• _EXERCISE OBJECTIVE_
Below are records; output exactly the lines from the one with "Daimlerhaus mit Mercedes" through their final line.

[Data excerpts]

-- Opening Marker --

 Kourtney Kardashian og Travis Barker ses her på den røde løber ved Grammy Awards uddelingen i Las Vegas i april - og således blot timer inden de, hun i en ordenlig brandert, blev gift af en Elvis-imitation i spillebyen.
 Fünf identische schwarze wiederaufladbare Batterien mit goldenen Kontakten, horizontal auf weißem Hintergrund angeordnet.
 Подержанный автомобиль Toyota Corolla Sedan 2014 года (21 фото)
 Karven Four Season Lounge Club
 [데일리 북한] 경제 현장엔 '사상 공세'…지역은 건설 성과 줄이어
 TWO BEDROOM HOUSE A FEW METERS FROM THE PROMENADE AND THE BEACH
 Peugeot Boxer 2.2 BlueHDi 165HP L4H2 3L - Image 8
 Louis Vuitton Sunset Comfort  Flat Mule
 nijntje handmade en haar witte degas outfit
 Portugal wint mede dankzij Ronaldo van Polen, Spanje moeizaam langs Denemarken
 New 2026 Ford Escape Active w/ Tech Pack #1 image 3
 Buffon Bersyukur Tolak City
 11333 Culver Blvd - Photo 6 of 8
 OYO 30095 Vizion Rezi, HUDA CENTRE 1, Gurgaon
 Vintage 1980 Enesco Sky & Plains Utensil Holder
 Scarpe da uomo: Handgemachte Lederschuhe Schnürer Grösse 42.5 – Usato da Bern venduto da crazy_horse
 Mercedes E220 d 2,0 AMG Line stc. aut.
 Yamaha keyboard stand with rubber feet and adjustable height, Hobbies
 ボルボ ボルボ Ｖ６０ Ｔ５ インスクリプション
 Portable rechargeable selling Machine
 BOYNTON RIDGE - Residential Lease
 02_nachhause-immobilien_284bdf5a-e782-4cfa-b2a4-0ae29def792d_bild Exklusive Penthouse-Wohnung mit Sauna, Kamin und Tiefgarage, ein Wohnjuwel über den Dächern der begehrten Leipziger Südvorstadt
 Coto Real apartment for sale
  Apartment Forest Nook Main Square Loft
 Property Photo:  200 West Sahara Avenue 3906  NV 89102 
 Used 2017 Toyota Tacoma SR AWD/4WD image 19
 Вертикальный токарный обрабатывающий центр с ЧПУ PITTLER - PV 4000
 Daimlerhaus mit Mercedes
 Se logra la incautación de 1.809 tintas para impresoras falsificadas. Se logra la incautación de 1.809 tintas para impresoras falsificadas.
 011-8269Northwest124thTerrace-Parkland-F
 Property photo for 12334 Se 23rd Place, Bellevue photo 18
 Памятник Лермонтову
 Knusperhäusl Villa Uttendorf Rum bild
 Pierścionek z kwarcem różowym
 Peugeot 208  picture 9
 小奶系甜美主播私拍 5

-- Closing Marker --

• _RESULT OF THIS TASK_
 Daimlerhaus mit Mercedes
 Se logra la incautación de 1.809 tintas para impresoras falsificadas. Se logra la incautación de 1.809 tintas para impresoras falsificadas.
 011-8269Northwest124thTerrace-Parkland-F
 Property photo for 12334 Se 23rd Place, Bellevue photo 18
 Памятник Лермонтову
 Knusperhäusl Villa Uttendorf Rum bild
 Pierścionek z kwarcem różowym
 Peugeot 208  picture 9
 小奶系甜美主播私拍 5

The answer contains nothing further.